In even the most successful of teams, there is a player whose contributions are often overshadowed by their more glamorous teammates, but particularly valued by their manager and those same teammates who relish his presence. Fabinho, like Claude Makelele at Real Madrid and Michael Carrick for Manchester United, perhaps represents that for Liverpool. "He is one of the best in the world in that position, that is clear," said Klopp. "Not only defending-wise but creating as well. He is so important to us."
Fabinho’s favoured role is at the base of midfield, where as the single pivot he can operate as the link between the central defenders and the more advanced central midfielders playing either side of him. He attempts to create passing lanes with those central defenders to advance possession and, if given time and space – particularly against teams operating in a mid-block – he also seeks to break opposing lines by either playing through or over a defensive block.
When he receives under pressure, he plays with caution and as simply as possible (below), returning possession to those behind him and attempting to encourage passages of play from there. His intelligence also invites him to use that pressure to create more adventurous passing lanes; vertical passes towards him while he is facing his own goal often act as a pressing trigger for opponents, and he will turn that press into an opportunity to draw opponents and therefore to create spaces in more advanced territory.

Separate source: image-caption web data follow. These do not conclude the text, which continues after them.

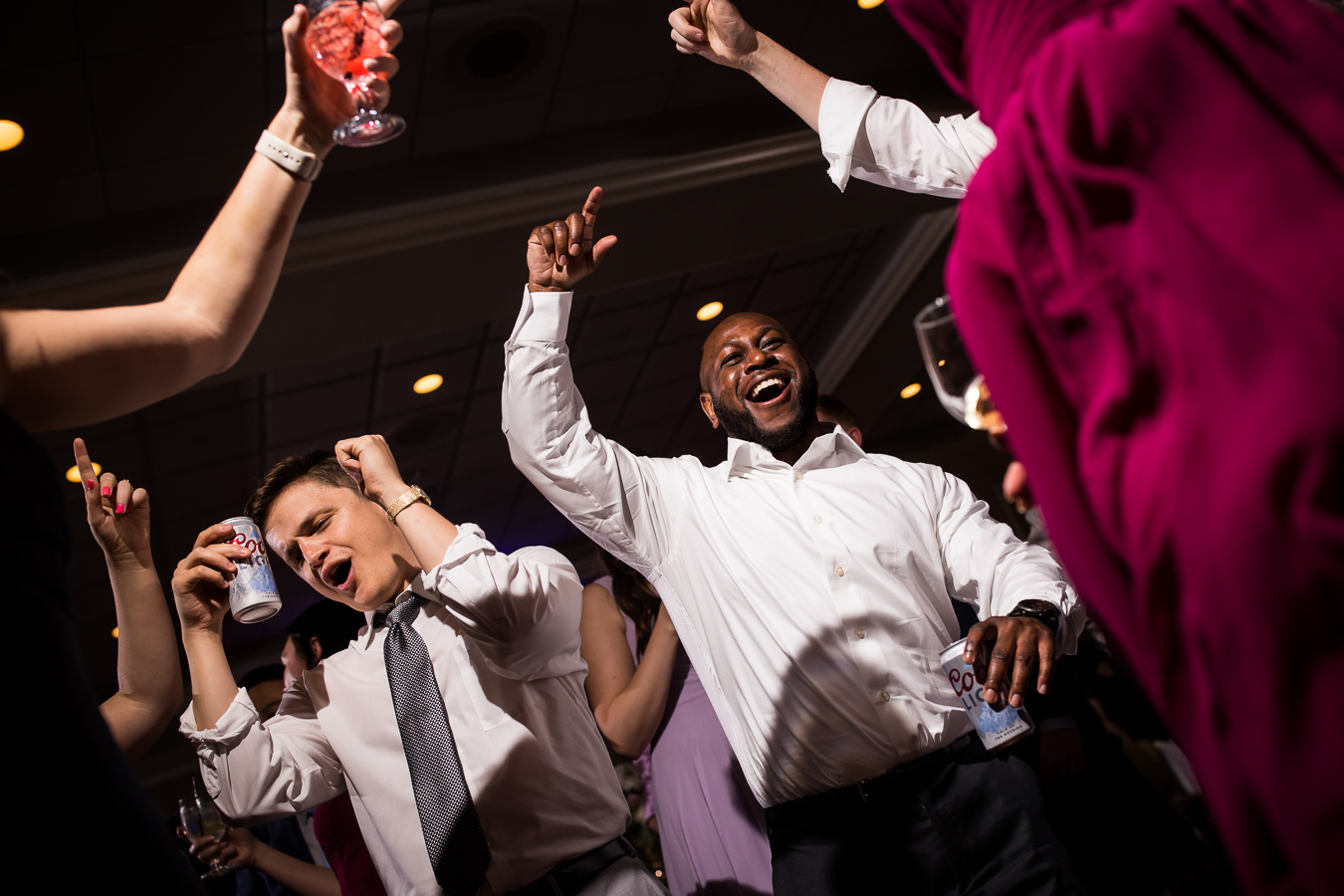 creative wedding photographer, rhinehart photography, captures this unique perspective of guests dancing with their hands in the air during this wedding reception in york 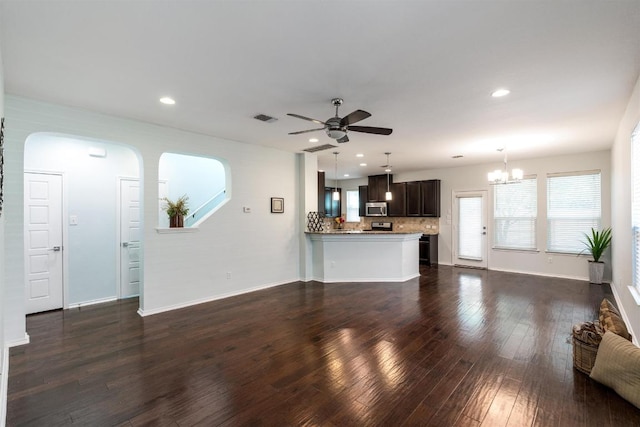404 Buttercup Creek Blvd Unit 19, Cedar Park, TX 78613 - unfurnished living room featuring ceiling fan, a chandelier, dark wood-style flooring, recessed lighting, and arched walkways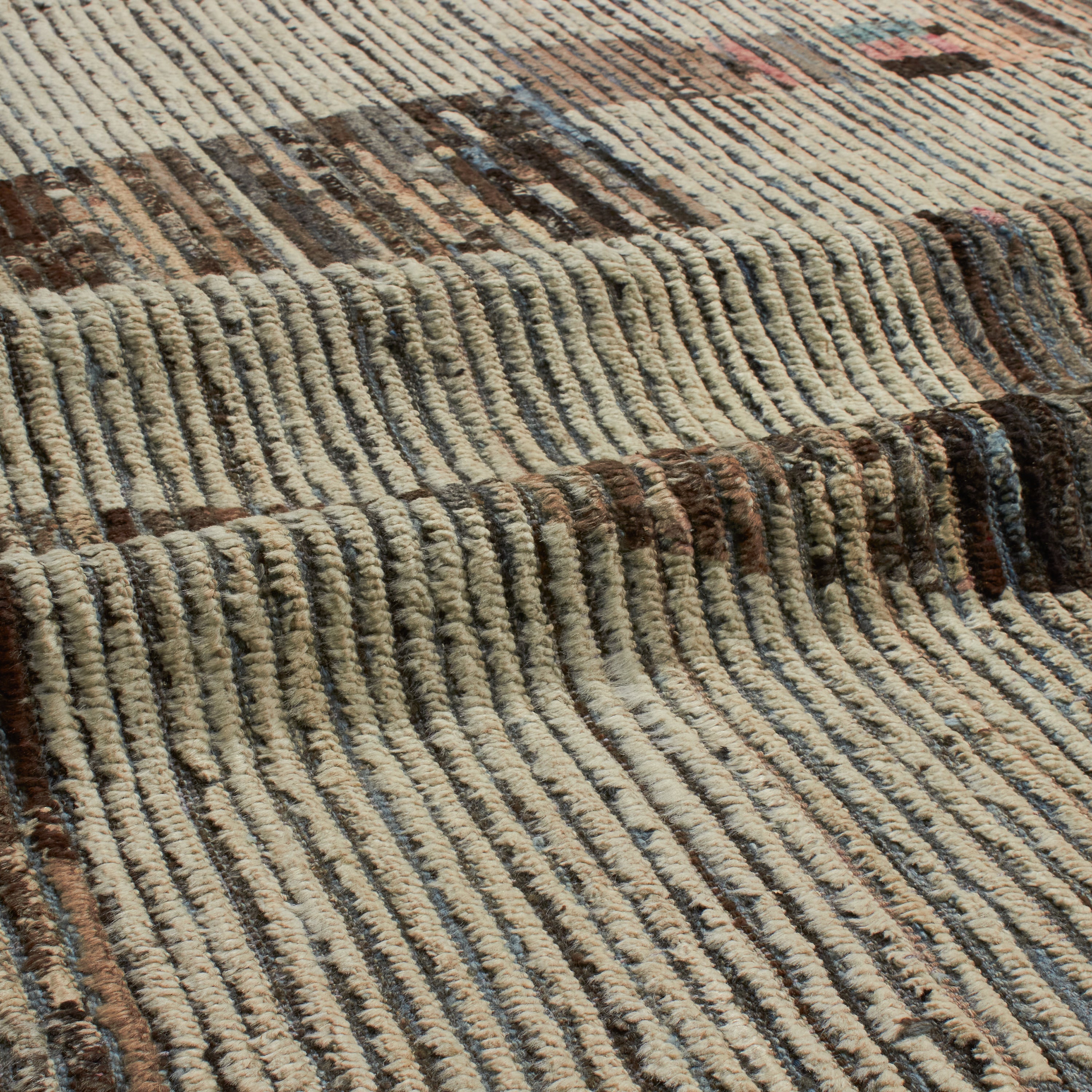 Revered for its lustre and soft hand, the natural qualities of wool from ancient Karakul sheep are honoured through restraint and refinement.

The protection he offers from midfield means that full-backs can be given the freedom to advance. Even when possession progresses he remains in a deep position, from where he can be used to recycle the ball (below) if further progress is blocked, or to defend in the event of a regain.
It is those instincts that mean he rarely makes forward runs, even if he is capable of doing so. Only when circumstances dictate an additional number is required in the final third will he advance. That he is so capable of turning defence into attack by securing possession and then playing a direct pass to a teammate in space makes that discipline even more valuable – particularly in a team with potential during transitions.
Role at Liverpool
For all of Liverpool's defensive strength, it has become almost unthinkable that Fabinho will not start their most important games. When they press their midfield triangle is often inverted to one high individual and two deep (below) – particularly against opponents also playing a 4-3-3 – so that he can advance towards the deepest-positioned opposing midfielder, to discourage attempts from playing through central areas.

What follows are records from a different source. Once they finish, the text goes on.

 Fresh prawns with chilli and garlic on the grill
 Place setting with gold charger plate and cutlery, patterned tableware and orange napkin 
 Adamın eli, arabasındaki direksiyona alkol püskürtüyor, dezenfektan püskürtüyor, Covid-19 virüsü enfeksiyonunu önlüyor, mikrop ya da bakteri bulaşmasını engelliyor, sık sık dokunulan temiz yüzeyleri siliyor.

The responsibility for the two more attacking midfielders is therefore given to those playing either side of him. Jordan Henderson, who also deputised for Fabinho at the base of midfield, is most commonly one of those two.
Against opponents who then advance into wide areas, Fabinho is capable of covering behind the midfielders alongside him to protect against an attacker moving inside with possession, and therefore to force them to play sideways or even backwards. His awareness when doing so is exceptional.

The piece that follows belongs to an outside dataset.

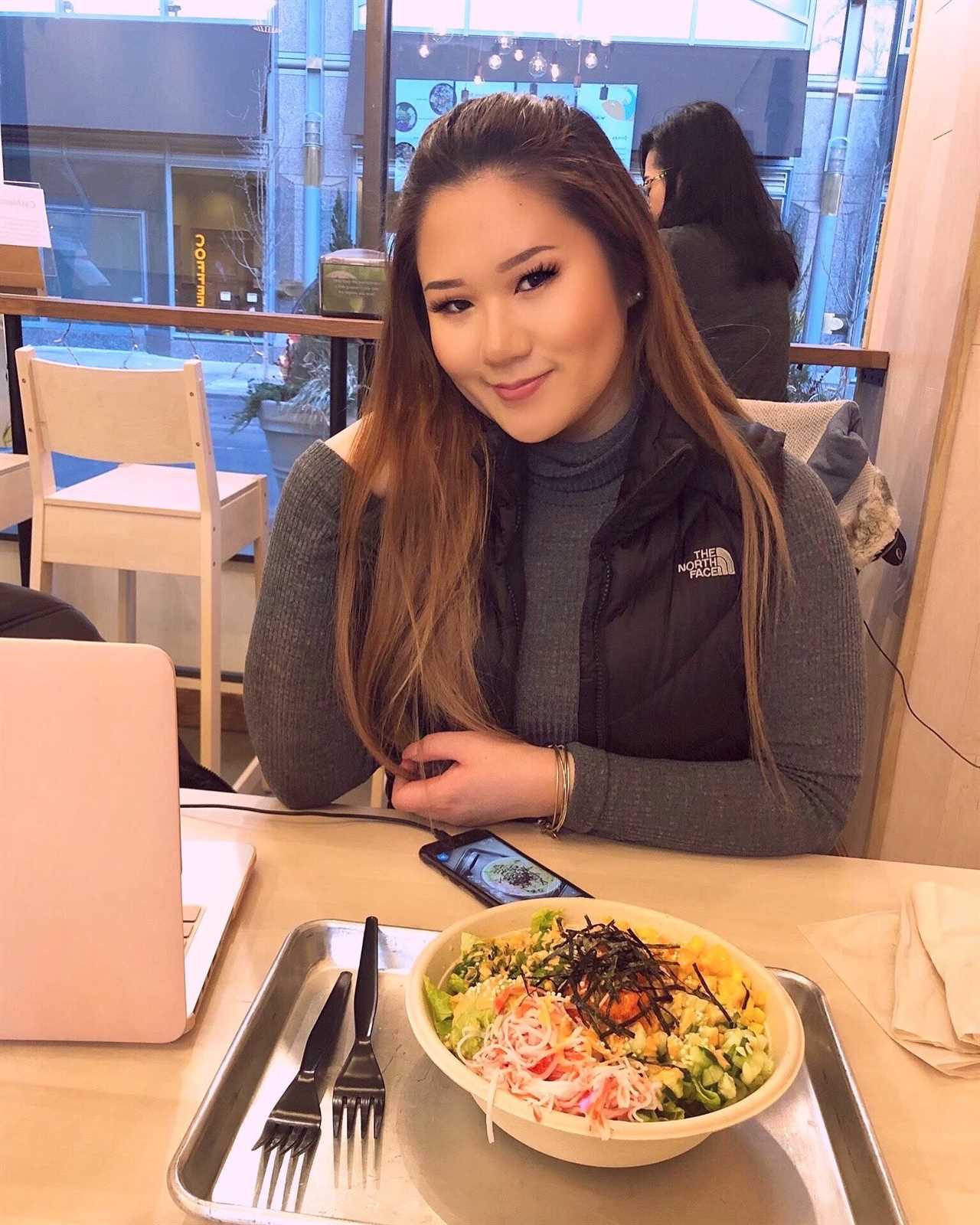 Kelsey Lam sitting at a table in a food venue. There is a tray with a salad on it in front of her.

He scans, and recognises when his teammates require cover or need to advance to a specific opponent. Similarly, if the midfielders either side of him have moved to defend against an advancing full-back, he will move to the relevant attacking midfielder while ensuring that their midfield shape remains compact.
That he also takes responsibility for defending against cut-backs (above) means that he passes attacking runners on to his teammates. If runners are used on his blindside, that particular instinct could therefore be exploited. In those same areas, when defending at set-pieces, while his frame and physicality should be strengths, his occasional uncertainty in watching either the ball or an opponent can again be exposed by runners on his blindside.
Their responses to both attacking and defensive transitions is a significant feature of Liverpool’s play. Fabinho understands exactly when he needs to join a counter-press or to withdraw and cover (below), and of the need to detect potential passing lanes nearest to the new ball carrier on the occasions the ball has been lost. Without him doing so, counter-presses often prove ineffective, because the ball carrier will otherwise have played out of the pressure being applied.
His positioning, and more specifically the distance he is operating at in front of Liverpool’s central defenders, is a further priority, and he therefore can also withdraw to protect the relevant spaces while his more advanced teammates apply a counter-press. That position is largely determined by how play is unfolding; against dangerous opponents it is often cautious during the opening stages of a match, and complemented by him withdrawing more commonly than joining that counter-press.
Fabinho will also largely consider the likely next phase of play, and by extension monitor where he needs to be, if Liverpool's attempts to produce a counter-attack are prevented. Doing so also involves him adopting a withdrawn position, and if he has been the one to turn possession over, finding a straightforward pass to a more advanced teammate.